Ayam Masak Merah – Chicken in Spicy Tomato Gravy
This month’s Malaysia Food Fest brings us to Johor, the nearest Malaysian state to us. Despite being just across the Causeway and so frequently packed with Singaporeans especially over the weekends, I must admit that I know very little about the true blue Johorean fare. Well, there are some really popular local delights, like otak otak from Muah, Ogura Cake from Batu Pahat, Fishballs from Yong Peng, Railway bread from Kluang and durians from Segamat. Wait, the last one doesn’t count! LOL
I begin this month’s exploration with Ayam Masak Merah, a purportedly popular dish throughout the Peninsula (judging by the number of times this dish has actually being cooked and blogged) which has its roots from the southern state.
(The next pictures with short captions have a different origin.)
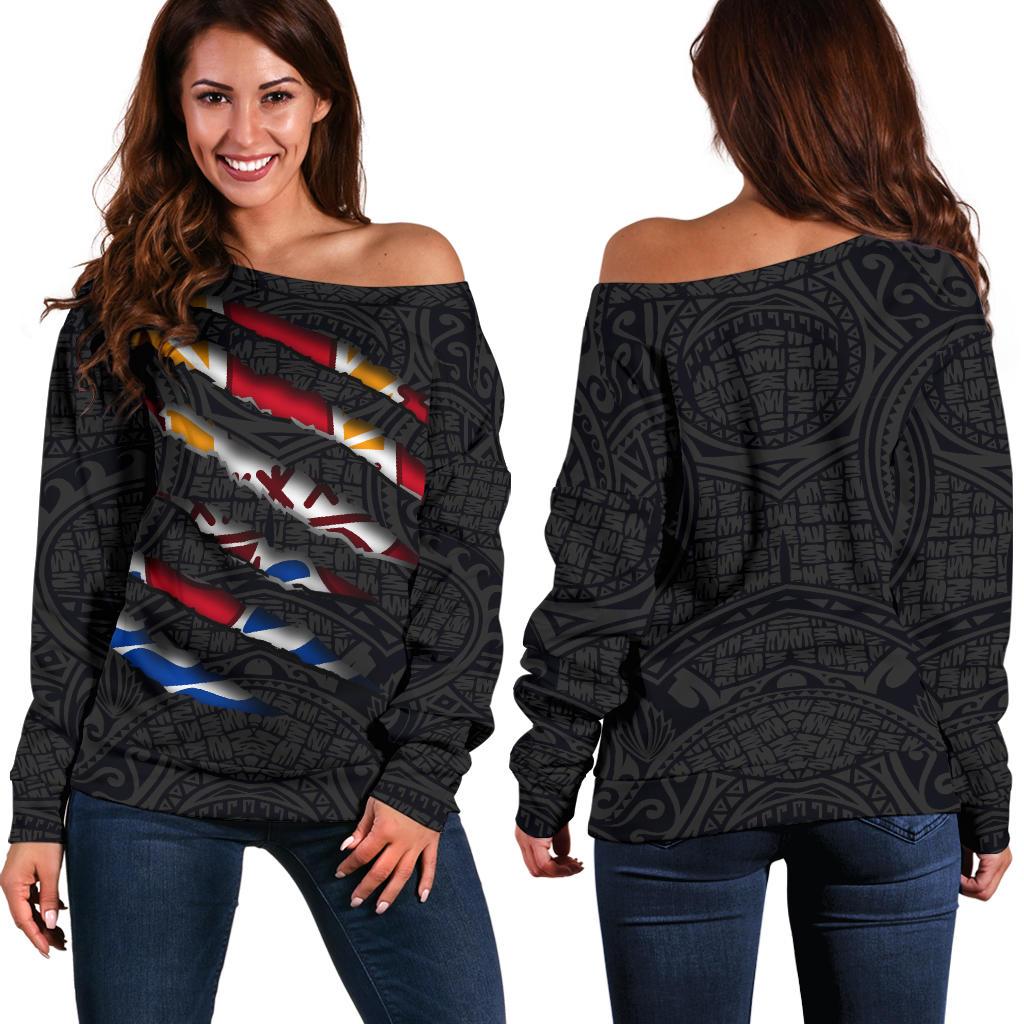 French Polynesia Women's Off Shoulder Sweater - Scratch Style Black - Polynesian Pride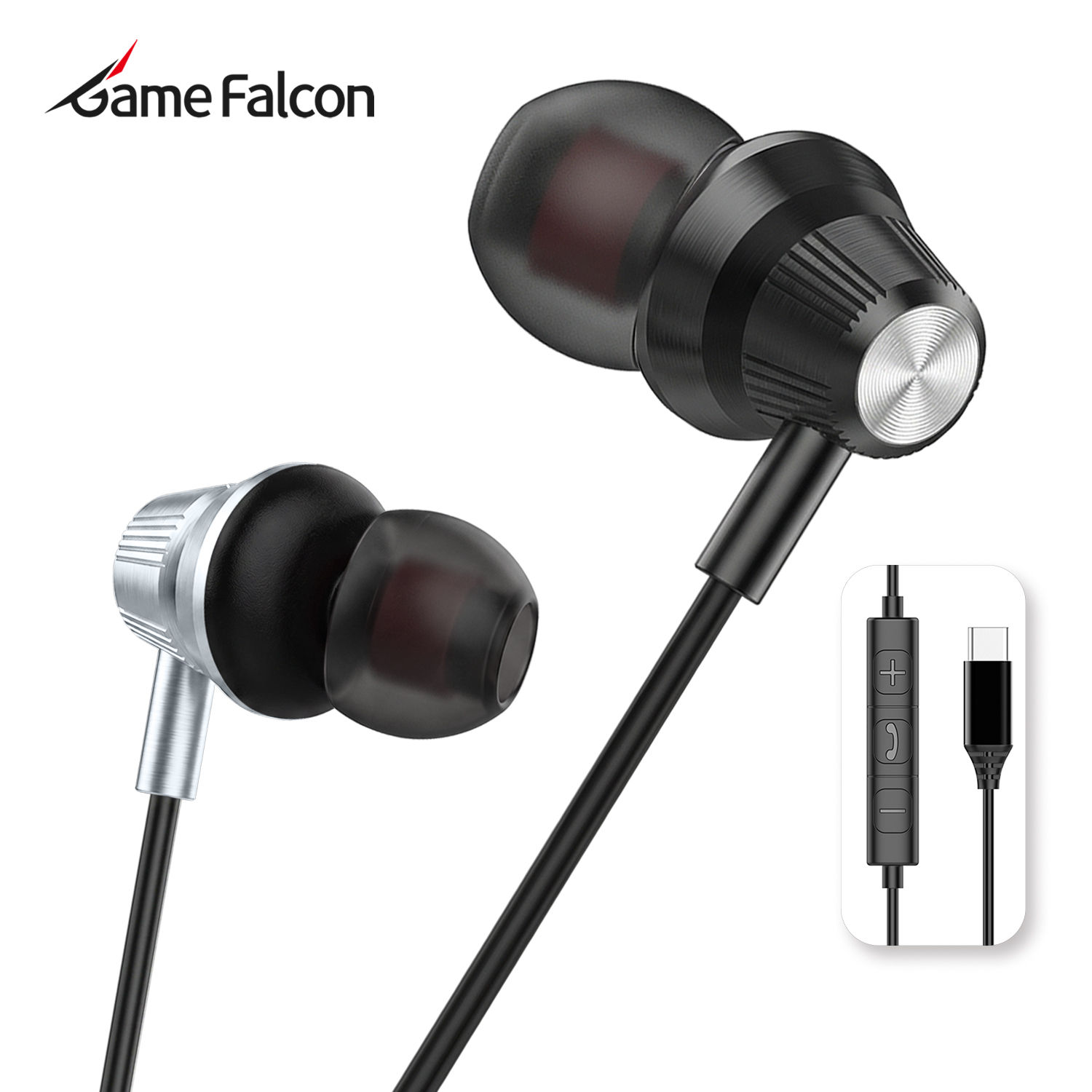 in-Ear Wired Headphones USB Type C Wired Earphone HiFi Stereo Wired Earbuds With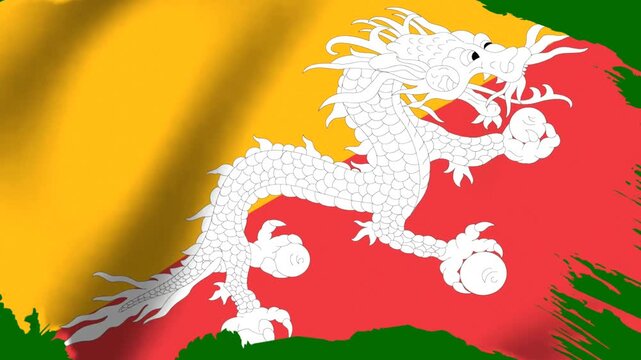 National flag of Bhutan featuring the white dragon over yellow and orange background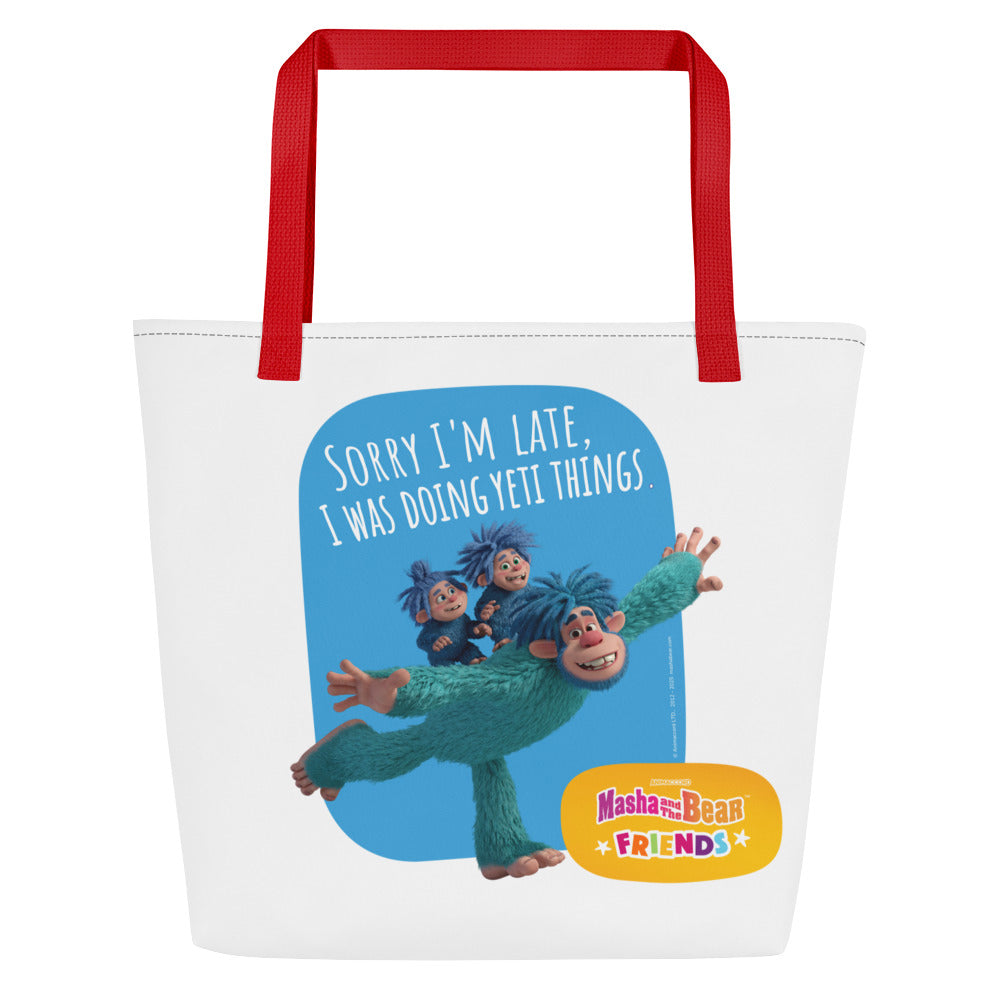Masha and the Bear Friends All-Over Print Large Tote Bag CUT-SEW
Not quite a fan of tomato ketchup, I was rather curious about how it would taste when I saw it being featured in Wendyinkk’s blog last August. The combination of a simple rempah, together with coconut milk and a generous dousing of tomato ketchup… very curious indeed.
Ayam Masak Merah – Chicken in Spicy Tomato Gravy (serves 3-4) from adapted slightly from Wendyinkk
6 large drumsticks
1 tsp salt
1 tsp turmeric powder
Dash of pepper
5 cloves of garlic
1 cm ginger
2 red chilli
2 inches cinnamon
3 cloves (bunga cengkih)
3 cardamom pods (buah pelaga)
1 red onion sliced
1. Marinate chicken with salt, turmeric and pepper for at least 30 minutes.
2. Blend shallots, ginger, garlic and chilli into a fine paste
3. Heat wok and put in ½ cup of oil. Pan fry chicken pieces until the skin turns golden. The chicken may not be cooked through and still oozing blood near the joint but that is ok. Dish up and set aside.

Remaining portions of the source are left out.